LAB:05

Web Scrapping with Python and Beautiful Soup

OBJECTIVES:
- to understand and implement web scrapping using Python.

THEORY:
Web scraping is the automated process of extracting data from websites, using software (bots/crawlers) to fetch web pages, parse their HTML code, and pull out specific information like prices, text, or contacts, saving it into structured formats like spreadsheets or databases for analysis, market research, or price comparison, often used when APIs aren't available or manual copying is too slow.

Beautiful Soup is a Python package for parsing HTML and XML documents, including those with malformed markup. It creates a parse tree for documents that can be used to extract data from HTML, which is useful for web scraping.

In [1]:
import requests
from bs4 import BeautifulSoup

url = "https://www.geeksforgeeks.org"

try:
    # Send HTTP GET request
    response = requests.get(url, timeout=10)

    # Raise error for bad HTTP status codes (4xx, 5xx)
    response.raise_for_status()

    # Parse HTML content
    soup = BeautifulSoup(response.text, "html.parser")

    # Extract and print the title
    if soup.title:
        print("Page Title:", soup.title.string)
    else:
        print("Title tag not found.")

except requests.exceptions.HTTPError as http_err:
    print("HTTP error occurred:", http_err)

except requests.exceptions.ConnectionError:
    print("Network connection error occurred.")

except requests.exceptions.Timeout:
    print("Request timed out.")

except requests.exceptions.RequestException as err:
    print("An error occurred:", err)

finally:
    print("Request processing completed.")



Page Title: GeeksforGeeks | Your All-in-One Learning Portal
Request processing completed.


In [7]:
import requests
from bs4 import BeautifulSoup

url = "https://example.com"

try:
    response= requests.get(url, timeout=10)

    response.raise_for_status()

    response.encoding = response.apparent_encoding

    soup = BeautifulSoup(response.text, "html.parser")
    table =soup.find("table")
    for row in table.find_all("tr"):
        cols=row.find_all(["th","td"])
        data=[col.get_text(strip=True)for col in cols]
        print(data)
    
except requests.exceptions.Timeout:
    print("Request timed out")

except requests.exceptions.HTTPError:
    print("HTTP error occured (4xx or 5xx reaponse)")

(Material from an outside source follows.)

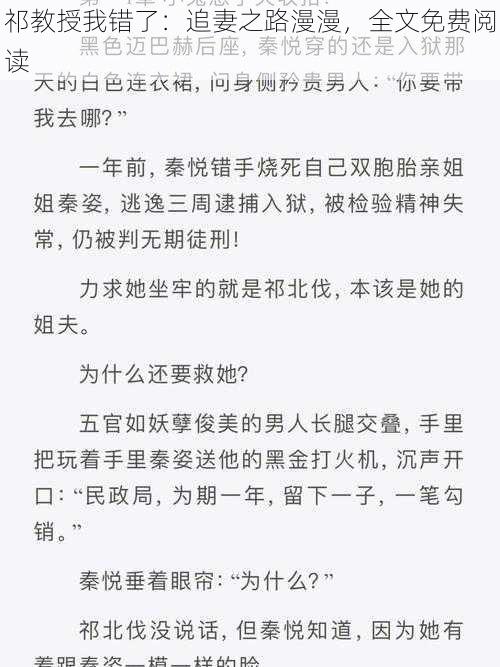 祁教授我错了：追妻之路漫漫，全文免费阅读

except requests.exceptions.RequestException:
    print("Network related error")

except AttributeError:
    print("Table not found on the webpage")

except Exception as e:
    print("Unexpected error", e)

Table not found on the webpage


In [2]:
import requests
from bs4 import BeautifulSoup

url = "https://www.geeksforgeeks.org"

try:
    response = requests.get(url, timeout=10)
    response.raise_for_status()

    soup = BeautifulSoup(response.text, "html.parser")

    print("Using find():")
    first_link = soup.find("a")
    if first_link:
        print("Text:", first_link.get_text(strip=True))
        print("URL :", first_link.get("href"))
    else:
        print("No link found.")

    print("\nUsing find_all():")
    links = soup.find_all("a", limit=5)

    for i, link in enumerate(links, start=1):
        text = link.get_text(strip=True)
        href = link.get("href")
        print(f"{i}. Text: {text} | URL: {href}")

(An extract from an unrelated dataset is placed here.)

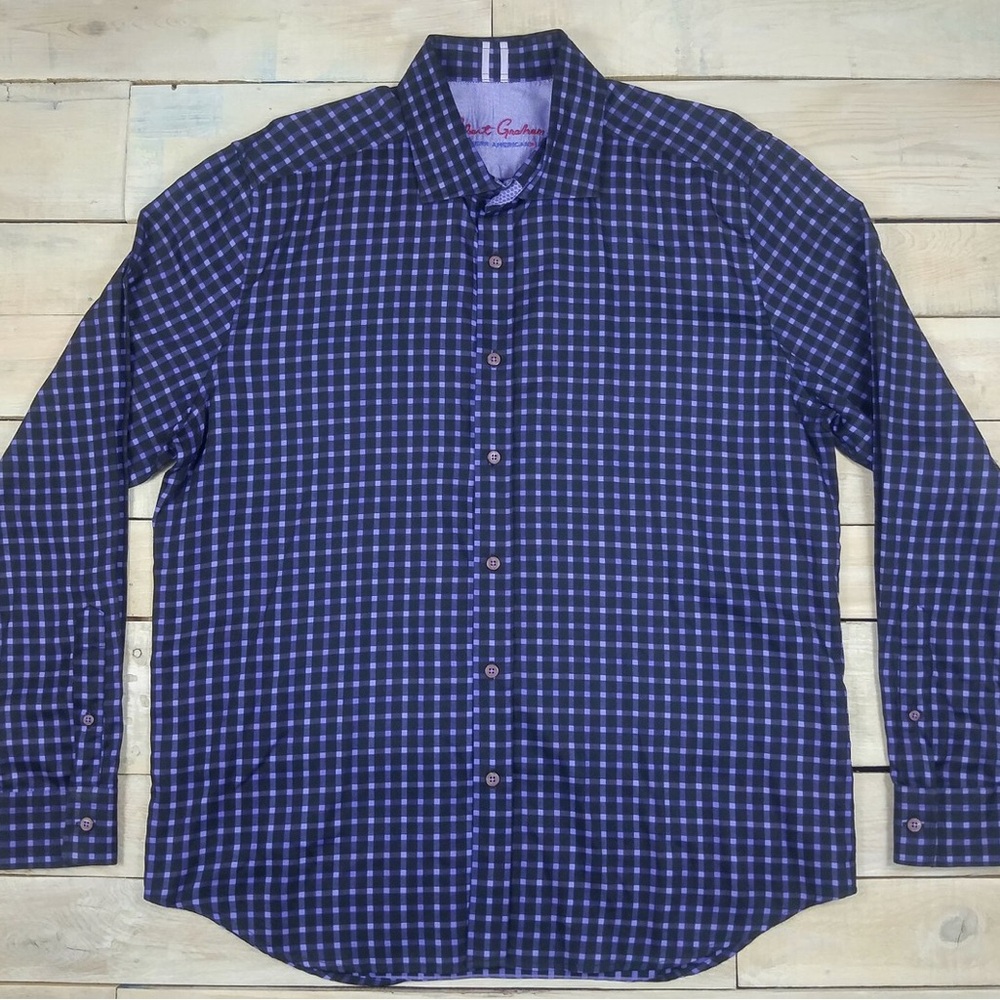 ROBERT GRAHAM Modern Americana Check Long Sleeve Shirt Size XL Tailored Fit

except requests.exceptions.RequestException as e:
    print("Error occurred:", e)

finally:
    print("\nLink extraction completed.")


Using find():
Text: 
URL : https://www.geeksforgeeks.org/

Using find_all():
1. Text:  | URL: https://www.geeksforgeeks.org/
2. Text: DSA | URL: https://www.geeksforgeeks.org/dsa/dsa-tutorial-learn-data-structures-and-algorithms/
3. Text: Practice Problems | URL: https://www.geeksforgeeks.org/explore
4. Text: C | URL: https://www.geeksforgeeks.org/c/c-programming-language/
5. Text: C++ | URL: https://www.geeksforgeeks.org/cpp/c-plus-plus/

Link extraction completed.


In [5]:
import requests

api_url = "https://jsonplaceholder.typicode.com/todos"
response= requests.get(api_url)

if response.status_code ==200:
    data= response.json()
    print("Data fetched successfully: ",len(data))
    print (data)

else:
    print("Failed to fetch data: ", response.status_code)


Data fetched successfully:  200
[{'userId': 1, 'id': 1, 'title': 'delectus aut autem', 'completed': False}, {'userId': 1, 'id': 2, 'title': 'quis ut nam facilis et officia qui', 'completed': False}, {'userId': 1, 'id': 3, 'title': 'fugiat veniam minus', 'completed': False}, {'userId': 1, 'id': 4, 'title': 'et porro tempora', 'completed': True}, {'userId': 1, 'id': 5, 'title': 'laboriosam mollitia et enim quasi adipisci quia provident illum', 'completed': False}, {'userId': 1, 'id': 6, 'title': 'qui ullam ratione quibusdam voluptatem quia omnis', 'completed': False}, {'userId': 1, 'id': 7, 'title': 'illo expedita consequatur quia in', 'completed': False}, {'userId': 1, 'id': 8, 'title': 'quo adipisci enim quam ut ab', 'completed': True}, {'userId': 1, 'id': 9, 'title': 'molestiae perspiciatis ipsa', 'completed': False}, {'userId': 1, 'id': 10, 'title': 'illo est ratione doloremque quia maiores aut', 'completed': True}, {'userId': 1, 'id': 11, 'title': 'vero rerum temporibus dolor', 'com

In [3]:
import requests
from bs4 import BeautifulSoup
import csv

url = "https://www.geeksforgeeks.org"

try:
    # Fetch webpage
    response = requests.get(url, timeout=10)
    response.raise_for_status()

    # Parse HTML
    soup = BeautifulSoup(response.text, "html.parser")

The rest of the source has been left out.